◆ Work order ◆
Below are records; the lines starting at the one with "Slimline Executive Briefcase" and ending at the one with "para Fiat Punto" must be reproduced exactly, both included. Pictures must not appear.

◆ Record set ◆
┌──

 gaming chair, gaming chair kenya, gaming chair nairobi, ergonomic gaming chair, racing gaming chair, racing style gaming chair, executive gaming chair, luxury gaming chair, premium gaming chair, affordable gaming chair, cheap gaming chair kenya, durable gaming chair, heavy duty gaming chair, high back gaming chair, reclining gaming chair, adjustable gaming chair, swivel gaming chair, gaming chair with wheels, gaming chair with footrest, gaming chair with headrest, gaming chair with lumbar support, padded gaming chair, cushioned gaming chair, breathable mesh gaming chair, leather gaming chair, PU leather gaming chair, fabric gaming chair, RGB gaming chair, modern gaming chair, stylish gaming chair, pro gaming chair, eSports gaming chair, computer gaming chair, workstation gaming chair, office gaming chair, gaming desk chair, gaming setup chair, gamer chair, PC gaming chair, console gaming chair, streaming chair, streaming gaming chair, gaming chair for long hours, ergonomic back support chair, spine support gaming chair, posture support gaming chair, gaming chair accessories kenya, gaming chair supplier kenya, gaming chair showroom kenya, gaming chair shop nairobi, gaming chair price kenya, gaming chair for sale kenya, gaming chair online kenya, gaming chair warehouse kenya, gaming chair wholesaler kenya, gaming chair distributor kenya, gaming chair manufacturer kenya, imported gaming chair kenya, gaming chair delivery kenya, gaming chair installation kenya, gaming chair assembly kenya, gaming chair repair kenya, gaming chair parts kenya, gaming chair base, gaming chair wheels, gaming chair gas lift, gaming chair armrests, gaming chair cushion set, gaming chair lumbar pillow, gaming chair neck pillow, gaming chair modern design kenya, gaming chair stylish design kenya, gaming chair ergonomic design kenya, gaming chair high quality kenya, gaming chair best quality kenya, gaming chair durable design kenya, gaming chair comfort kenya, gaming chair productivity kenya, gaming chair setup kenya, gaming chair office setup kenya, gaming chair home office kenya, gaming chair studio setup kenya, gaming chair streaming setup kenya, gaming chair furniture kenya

└──
┌──

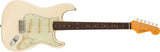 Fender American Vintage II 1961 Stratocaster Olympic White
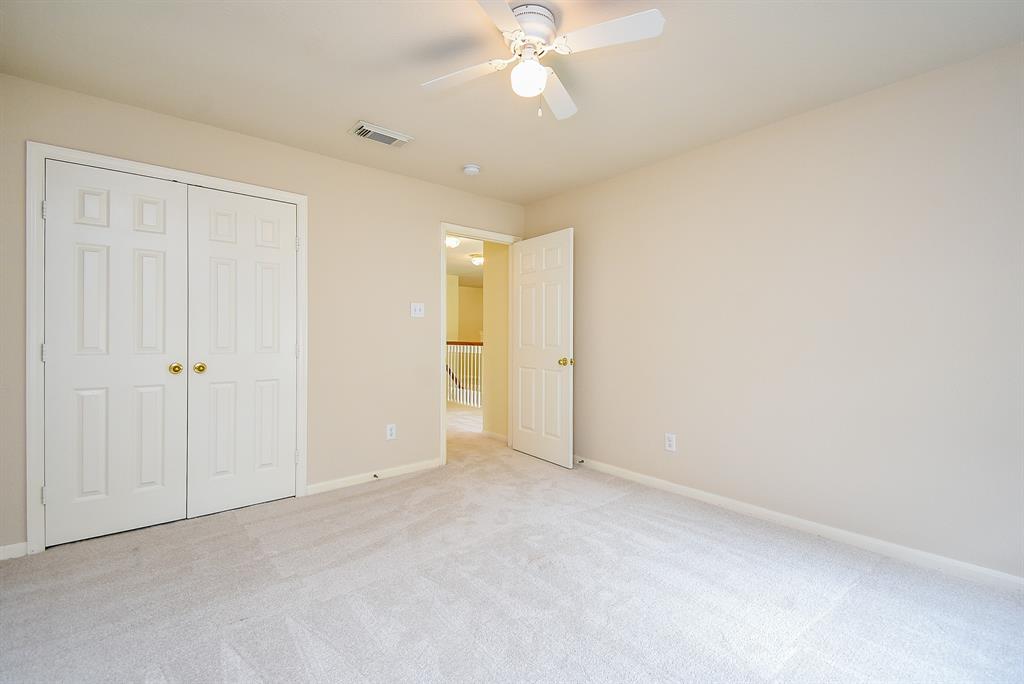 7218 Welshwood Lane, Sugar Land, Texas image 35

└──
┌──

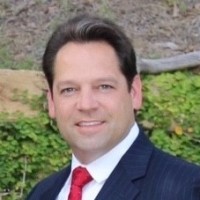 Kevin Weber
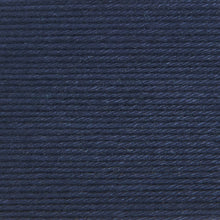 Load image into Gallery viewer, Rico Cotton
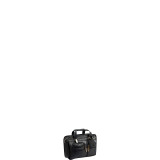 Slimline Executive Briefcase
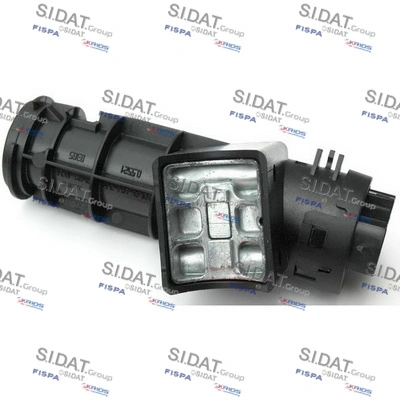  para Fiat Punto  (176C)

└──

◆ Answer for the task ◆
 Slimline Executive Briefcase
  para Fiat Punto  (176C)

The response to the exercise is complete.